Instructions to follow
When you reach the line containing "Snow-capped mountains are" in the records below, start copying exactly, and stop once you have copied the line containing "May include: Three".

Records to use
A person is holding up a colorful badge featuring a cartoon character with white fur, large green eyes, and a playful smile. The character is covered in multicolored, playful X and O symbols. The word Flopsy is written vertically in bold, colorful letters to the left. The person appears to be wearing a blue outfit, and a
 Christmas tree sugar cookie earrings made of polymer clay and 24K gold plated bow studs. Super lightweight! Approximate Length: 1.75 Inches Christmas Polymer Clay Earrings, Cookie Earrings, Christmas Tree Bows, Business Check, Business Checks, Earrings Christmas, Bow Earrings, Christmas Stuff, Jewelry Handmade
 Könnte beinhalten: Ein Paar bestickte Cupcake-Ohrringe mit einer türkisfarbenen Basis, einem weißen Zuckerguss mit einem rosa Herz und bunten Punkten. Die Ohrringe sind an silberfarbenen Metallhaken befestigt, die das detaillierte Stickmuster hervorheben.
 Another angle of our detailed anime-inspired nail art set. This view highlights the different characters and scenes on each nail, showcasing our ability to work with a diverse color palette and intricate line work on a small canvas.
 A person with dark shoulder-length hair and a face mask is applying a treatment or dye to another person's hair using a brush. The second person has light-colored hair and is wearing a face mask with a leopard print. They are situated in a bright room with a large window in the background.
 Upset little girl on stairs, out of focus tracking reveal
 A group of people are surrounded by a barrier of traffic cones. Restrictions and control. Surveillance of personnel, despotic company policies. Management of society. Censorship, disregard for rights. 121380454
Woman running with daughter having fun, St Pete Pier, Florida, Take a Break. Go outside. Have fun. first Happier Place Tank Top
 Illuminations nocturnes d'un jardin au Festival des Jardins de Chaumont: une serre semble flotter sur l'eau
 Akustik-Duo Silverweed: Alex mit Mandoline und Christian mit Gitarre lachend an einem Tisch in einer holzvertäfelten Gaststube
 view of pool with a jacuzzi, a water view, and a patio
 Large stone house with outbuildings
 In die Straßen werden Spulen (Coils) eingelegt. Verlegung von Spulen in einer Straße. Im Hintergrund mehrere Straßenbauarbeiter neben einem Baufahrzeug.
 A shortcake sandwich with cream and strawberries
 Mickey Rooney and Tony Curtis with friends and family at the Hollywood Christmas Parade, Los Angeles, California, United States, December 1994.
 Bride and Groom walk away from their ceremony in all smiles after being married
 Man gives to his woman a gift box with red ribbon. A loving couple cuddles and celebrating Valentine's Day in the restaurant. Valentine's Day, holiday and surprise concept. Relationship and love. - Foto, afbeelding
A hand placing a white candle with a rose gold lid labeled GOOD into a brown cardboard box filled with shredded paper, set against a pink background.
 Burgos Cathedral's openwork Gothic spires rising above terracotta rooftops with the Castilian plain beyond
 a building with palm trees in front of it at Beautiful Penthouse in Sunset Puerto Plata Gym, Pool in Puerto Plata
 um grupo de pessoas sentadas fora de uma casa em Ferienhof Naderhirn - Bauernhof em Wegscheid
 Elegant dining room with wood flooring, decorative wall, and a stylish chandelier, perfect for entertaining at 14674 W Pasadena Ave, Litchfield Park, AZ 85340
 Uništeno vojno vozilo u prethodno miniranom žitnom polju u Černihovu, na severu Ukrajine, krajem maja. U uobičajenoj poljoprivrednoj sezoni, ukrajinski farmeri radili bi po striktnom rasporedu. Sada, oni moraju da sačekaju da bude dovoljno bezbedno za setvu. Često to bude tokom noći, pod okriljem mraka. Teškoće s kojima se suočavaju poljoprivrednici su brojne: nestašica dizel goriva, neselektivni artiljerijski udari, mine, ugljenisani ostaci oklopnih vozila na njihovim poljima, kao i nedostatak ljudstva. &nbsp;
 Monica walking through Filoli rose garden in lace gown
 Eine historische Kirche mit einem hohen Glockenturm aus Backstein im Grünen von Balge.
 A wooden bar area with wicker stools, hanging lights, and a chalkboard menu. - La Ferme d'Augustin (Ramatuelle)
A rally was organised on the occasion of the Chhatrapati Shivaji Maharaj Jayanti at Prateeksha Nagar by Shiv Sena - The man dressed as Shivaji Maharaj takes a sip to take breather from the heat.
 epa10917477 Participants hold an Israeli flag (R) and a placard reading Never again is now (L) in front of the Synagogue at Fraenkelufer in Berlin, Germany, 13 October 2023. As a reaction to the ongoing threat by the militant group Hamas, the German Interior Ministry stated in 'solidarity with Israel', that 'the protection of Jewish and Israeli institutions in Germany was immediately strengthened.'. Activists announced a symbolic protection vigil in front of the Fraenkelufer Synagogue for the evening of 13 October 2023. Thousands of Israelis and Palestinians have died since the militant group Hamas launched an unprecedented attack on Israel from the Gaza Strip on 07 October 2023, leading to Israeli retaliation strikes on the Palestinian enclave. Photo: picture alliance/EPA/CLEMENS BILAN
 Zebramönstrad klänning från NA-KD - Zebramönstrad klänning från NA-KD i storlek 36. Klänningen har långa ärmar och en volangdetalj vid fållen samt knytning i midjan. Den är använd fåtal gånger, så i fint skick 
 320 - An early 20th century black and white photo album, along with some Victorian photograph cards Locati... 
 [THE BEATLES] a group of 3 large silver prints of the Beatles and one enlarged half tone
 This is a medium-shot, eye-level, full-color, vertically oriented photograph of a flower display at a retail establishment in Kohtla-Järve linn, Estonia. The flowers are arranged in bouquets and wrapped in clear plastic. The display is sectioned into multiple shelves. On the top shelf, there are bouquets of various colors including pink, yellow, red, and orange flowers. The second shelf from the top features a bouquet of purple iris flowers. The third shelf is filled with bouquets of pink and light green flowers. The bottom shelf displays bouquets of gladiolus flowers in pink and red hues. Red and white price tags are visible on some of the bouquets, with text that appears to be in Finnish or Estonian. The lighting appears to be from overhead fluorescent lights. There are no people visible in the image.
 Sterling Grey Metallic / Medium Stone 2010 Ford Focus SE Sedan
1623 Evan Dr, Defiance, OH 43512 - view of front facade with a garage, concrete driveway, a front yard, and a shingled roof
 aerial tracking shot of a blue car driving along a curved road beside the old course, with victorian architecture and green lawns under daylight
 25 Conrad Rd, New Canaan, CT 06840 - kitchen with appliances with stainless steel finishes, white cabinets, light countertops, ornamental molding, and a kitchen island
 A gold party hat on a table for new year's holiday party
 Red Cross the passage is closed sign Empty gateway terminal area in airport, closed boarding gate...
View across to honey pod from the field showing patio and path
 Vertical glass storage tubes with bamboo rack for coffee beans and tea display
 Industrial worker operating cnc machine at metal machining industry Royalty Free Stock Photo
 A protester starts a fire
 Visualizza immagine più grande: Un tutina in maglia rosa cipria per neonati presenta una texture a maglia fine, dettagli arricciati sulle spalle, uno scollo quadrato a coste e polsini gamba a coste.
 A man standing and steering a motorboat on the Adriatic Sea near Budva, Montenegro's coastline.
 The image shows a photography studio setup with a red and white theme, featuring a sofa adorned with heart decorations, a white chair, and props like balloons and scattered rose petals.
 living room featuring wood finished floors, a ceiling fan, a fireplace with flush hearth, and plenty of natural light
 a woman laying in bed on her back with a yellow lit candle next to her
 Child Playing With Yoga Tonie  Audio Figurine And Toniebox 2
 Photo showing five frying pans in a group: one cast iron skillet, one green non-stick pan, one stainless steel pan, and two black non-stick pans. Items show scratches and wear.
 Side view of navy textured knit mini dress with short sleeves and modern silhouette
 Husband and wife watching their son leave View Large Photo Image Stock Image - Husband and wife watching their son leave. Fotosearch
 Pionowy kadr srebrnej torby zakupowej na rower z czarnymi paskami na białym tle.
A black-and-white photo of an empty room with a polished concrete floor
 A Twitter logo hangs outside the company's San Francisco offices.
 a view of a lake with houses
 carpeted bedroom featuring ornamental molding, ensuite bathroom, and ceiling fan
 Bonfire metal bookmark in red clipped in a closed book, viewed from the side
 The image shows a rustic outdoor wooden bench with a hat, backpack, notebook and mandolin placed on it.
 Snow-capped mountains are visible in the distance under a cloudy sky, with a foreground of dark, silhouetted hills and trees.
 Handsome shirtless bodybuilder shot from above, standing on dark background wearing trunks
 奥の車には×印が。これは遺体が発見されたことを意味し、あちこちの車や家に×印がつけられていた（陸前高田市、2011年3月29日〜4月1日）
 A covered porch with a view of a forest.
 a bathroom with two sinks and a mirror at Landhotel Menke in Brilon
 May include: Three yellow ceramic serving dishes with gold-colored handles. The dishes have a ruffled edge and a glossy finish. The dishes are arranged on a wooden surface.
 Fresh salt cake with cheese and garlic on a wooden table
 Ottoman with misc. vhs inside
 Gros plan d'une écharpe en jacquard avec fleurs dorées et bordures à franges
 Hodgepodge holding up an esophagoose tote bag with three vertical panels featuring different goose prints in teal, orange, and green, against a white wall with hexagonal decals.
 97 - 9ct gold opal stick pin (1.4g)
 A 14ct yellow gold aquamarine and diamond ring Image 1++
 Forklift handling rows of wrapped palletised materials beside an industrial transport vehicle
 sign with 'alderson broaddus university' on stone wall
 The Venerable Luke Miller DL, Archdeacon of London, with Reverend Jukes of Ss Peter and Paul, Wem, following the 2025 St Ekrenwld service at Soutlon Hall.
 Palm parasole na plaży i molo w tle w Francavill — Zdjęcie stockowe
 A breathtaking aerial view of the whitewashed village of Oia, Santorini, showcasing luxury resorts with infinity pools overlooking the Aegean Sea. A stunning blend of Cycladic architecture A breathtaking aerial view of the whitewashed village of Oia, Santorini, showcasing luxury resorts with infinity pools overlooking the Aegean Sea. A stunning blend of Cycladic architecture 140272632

Expected answer
 Snow-capped mountains are visible in the distance under a cloudy sky, with a foreground of dark, silhouetted hills and trees.
 Handsome shirtless bodybuilder shot from above, standing on dark background wearing trunks
 奥の車には×印が。これは遺体が発見されたことを意味し、あちこちの車や家に×印がつけられていた（陸前高田市、2011年3月29日〜4月1日）
 A covered porch with a view of a forest.
 a bathroom with two sinks and a mirror at Landhotel Menke in Brilon
 May include: Three yellow ceramic serving dishes with gold-colored handles. The dishes have a ruffled edge and a glossy finish. The dishes are arranged on a wooden surface.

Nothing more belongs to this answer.